I had these words written down and they were always in front of me on my desk in my old office.
Teacher also said, “你的妈妈对你太重要了,你很在乎很在乎她。而且,你很想念妈妈,非常非常非常的想念。”
He said, “Your Mom is too important to you, you very much take her as the world. And, you miss your mother, a lot, a lot.”
I couldn’t sense it when he said this. Really? I thought?
When he said it, I thought of my daughter Qinzhi, i can sense that she sees the world of her mother—me, too.
Maybe more than how my mother feels to me.
And today, I finally understood what Teacher said.
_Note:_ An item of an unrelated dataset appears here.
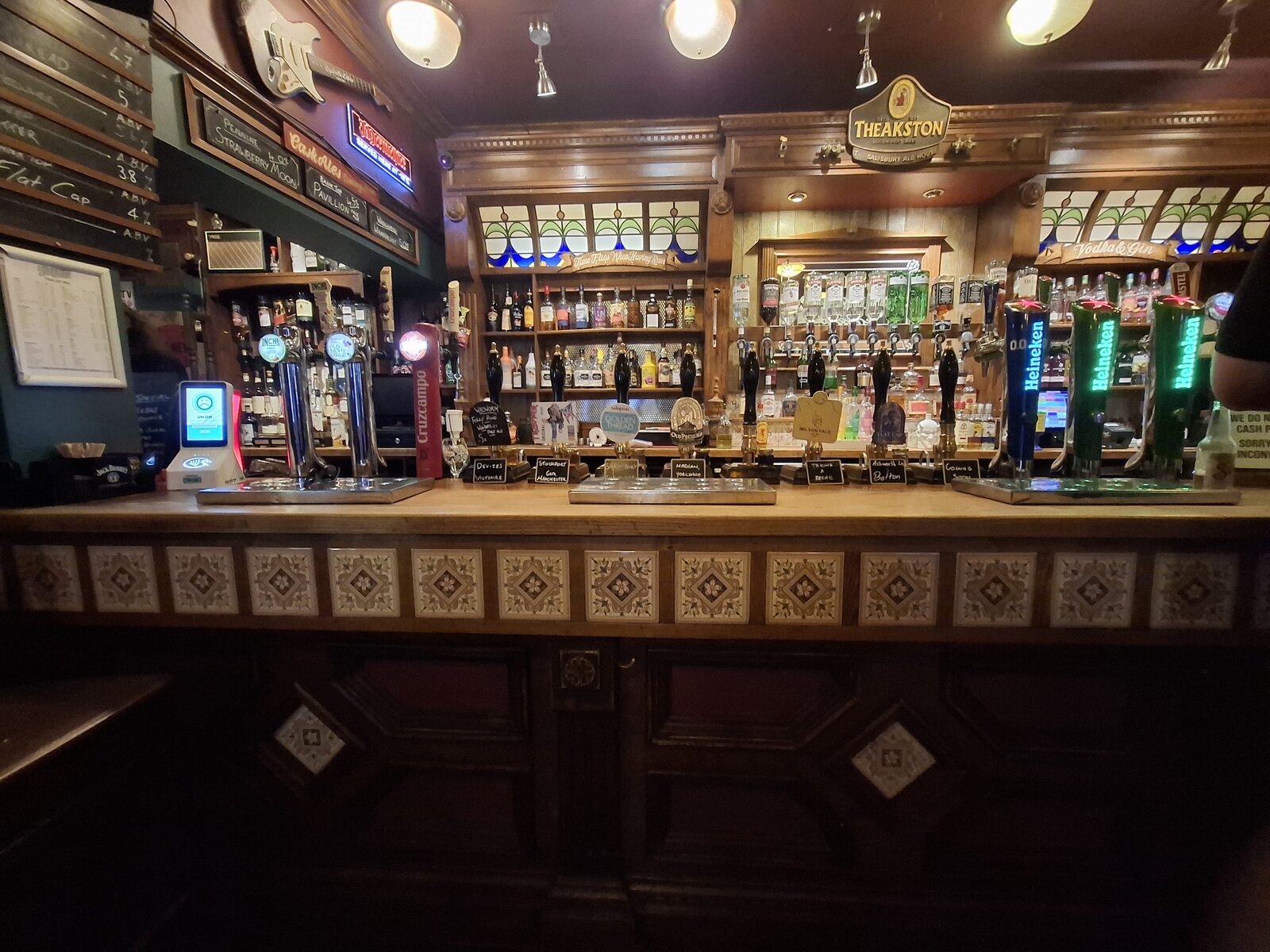 The Salisbury photo 5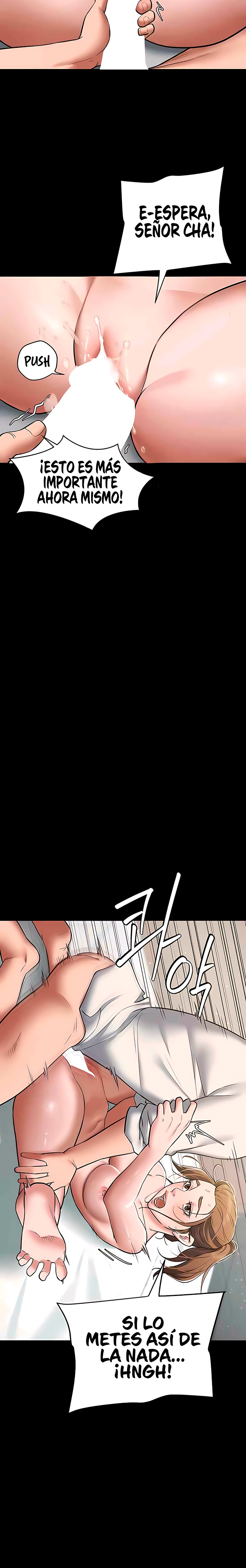 A Very Privative Revenge Raw - Chapter 6 [photo 21] - MangaPorn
I finally..honestly shared with SY how I felt about her niece’s sudden death, her 4 year old cutie niece, had influenza b 2 weeks back and that was the end of her young life.
I told her this, “SY一直没有勇气跟你说,也很怕让你难过。尤其看到你好像恢复平常的笑容,但是看到你们家小可爱就这么离开,真的很难过。我妈妈是这样走的,所以我很不愿意有人必须经历这样的心痛。难过到我不能呼吸。所以那几天你不在,我好像一直和你们在一起那样。不知道可以对你说什么,你那边怎样,我也不知道。你之前不让我去follow,但那几天你不在,我还是忍不住每天去看你的instagram。希望你那里一切还好。希望你们一家今后可以好好的,互相扶持,让时间疗愈。 may u b well n happy!”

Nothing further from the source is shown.